On Thursday, I was browsing one of the cancer groups on Facebook and happened upon a post regarding breastfeeding after radiation. This was something I had previously been concerned about and asked the nurse about during our very first appointment a long time ago. My radiation oncologist – who frankly I am not super fond of, because she always seems to be in a rush and not have enough time to talk to me or answer my questions (like, on Friday she was literally standing with her hand on the doorknob while I was asking questions) – had already left the room and could not be bothered to come back so the nurse kept having to run out to ask her my questions. With regard to breastfeeding, she came back with the answer that “my supply would be lowered.” Ruby has been a super producer, so I was not overly concerned with this answer. After reading the post on Facebook, I started doing some online research and discovered that every study that has been done indicates that women are UNABLE to breastfeed after lumpectomy and radiation because the breast tissue is too changed and damaged. The women in the studies who could produce anything – through either nursing or pumping – largely gave up and nursed only with the untreated breast because the amount produced was so little that it was not worth the time.

This was understandably a big shock to me. I am not crazy about being pregnant but nursing – which I was only able to accomplish with Conor – ranks among my favorite things in the world. I texted Julian about how heartbroken I was. And of course, the day I found this out was the day I started actual radiation treatments, so I didn’t want to do it at all, and when I laid down on the bed I began crying. The techs were super super nice and dabbed my eyes for me (my arms were already above my head and I was all lined up) and told me I didn’t have to start that day if I didn’t want to. The fact is, I didn’t want to start ANY day after learning what I had. I explained why I was so upset and one of them said it was totally understandable, that I was grieving a loss, and I realized that’s exactly what it was. Cancer took the possibility of breastfeeding from my right breast from me. And unless I choose to forego radiation (which would be stupid), that ship has sailed. And it sucks.

ANYhow, I got the radiation, both Thursday and Friday. Thursday I had all sorts of phantom pains – pain in the gallbladder incision, heartburn – and was worried they were radiation related. I had none of them on Friday after radiation, however, so I think they were in my head. My breast did feel a little tender yesterday, but no skin changes yet. ALSO! Dr. InARush told me that only 10% of women experience tissue changes. This doesn’t seem accurate since EVERY woman I spoke with in the Seattle BC group mentioned changes, but perhaps it’s only 10% of women receiving the type of radiation I am. So that gave me hope that I won’t be disfigured by this. She also said it’s all about your body’s ability to heal itself, and my body has always healed quickly and well. So, fingers crossed!

That’s all the boob news I have for now. Onwards!

Out of the frying pan, into the fire.

I went in today for what I thought was going to be my first radiation treatment, but it turns out the first treatment is actually just a dry run to get ready for the first actual treatment, which will be tomorrow. So basically I got myself all anxious for nothing.

They got me all set up on the table, located my tattoos, drew around them in magic marker so they could easily find them again tomorrow, and then took some X-rays. In between, they came in and drew on me with more magic marker so I could see what the treatment area would be and thus know where to apply the calendula lotion.

All this time I had been lead to believe that they were just going to shoot a radiation beam into the right side of my breast and it would be a super quick zap and I’d be on my way. So it was quite the shock when she drew on me in several different places all around my breast.

I went to get changed after and saw that there were green marker marks essentially from the top of my breast bone between my breasts extending down around the bottom of my breast all the way back up the outside of my breast and well into my armpit – nearly to my back.

I went out to the waiting room and met Julian in silence.
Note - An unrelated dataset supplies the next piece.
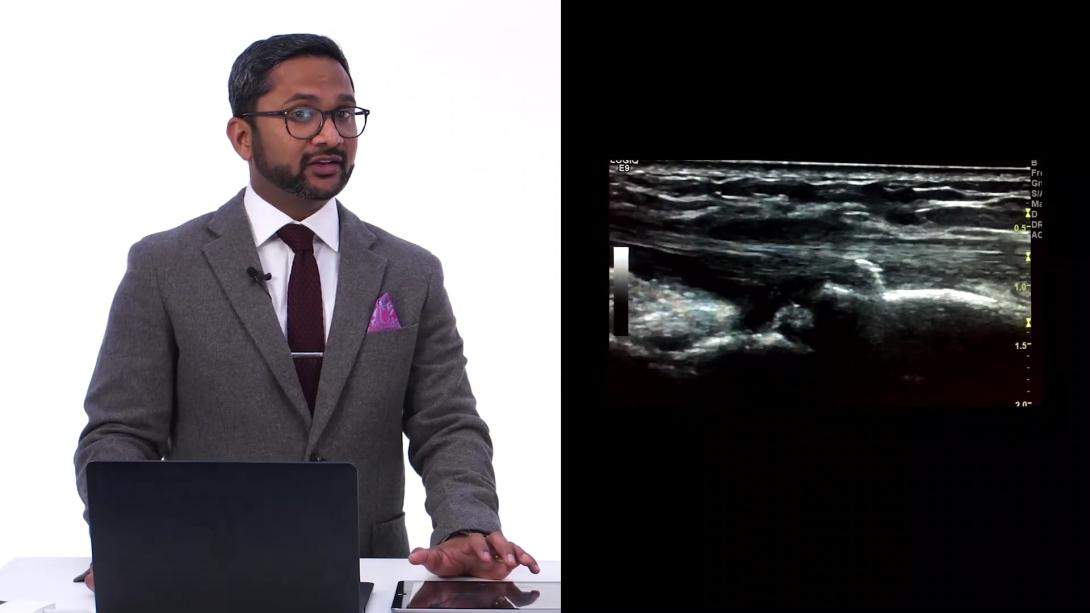 4th extensor compartment case discussion with Suresh Sudula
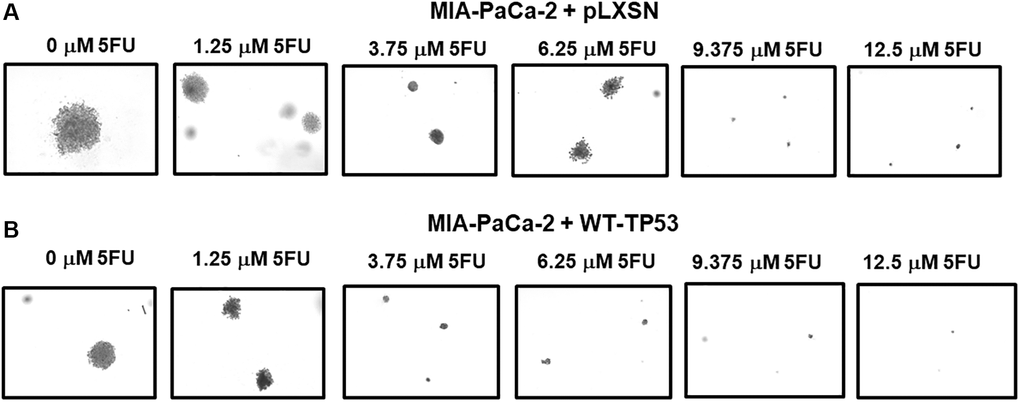 Crystal violet-stained colonies in soft agar in the presence of 5-Fluorouracil. The effects of pLXSN and WT-TP53 on the colony formation in soft agar were photographed after staining. Photographs were taken at the same day and at the same magnification on the microscope. (A) MIA-PaCa-2 + pLXSN cells treated with increasing concentration of 5FU, (B) MIA-PaCa-2 + WT-TP53 cells treated with increasing concentrations of 5FU.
I told him super quietly that it had just been a dry run and that the real therapy would be tomorrow. As we walked out he told me that he’d looked at his schedule and could come with me again tomorrow and – are you all right? You look upset. At which point I began fighting back tears, and told him I’d explain once we were in the car.

Once in the car I started weeping quietly and explained that the treatment area was much larger than I expected. They have fucked with my entire body for the last three and a half months and one of the only places I HAVEN’T had major issues is my skin, so of course they have to follow up with this. And this is MY body, but it sure as hell doesn’t feel like it belongs to me right now, and I might not love it all the time, but it’s the only one I’ve got and I’m sick of people screwing with it.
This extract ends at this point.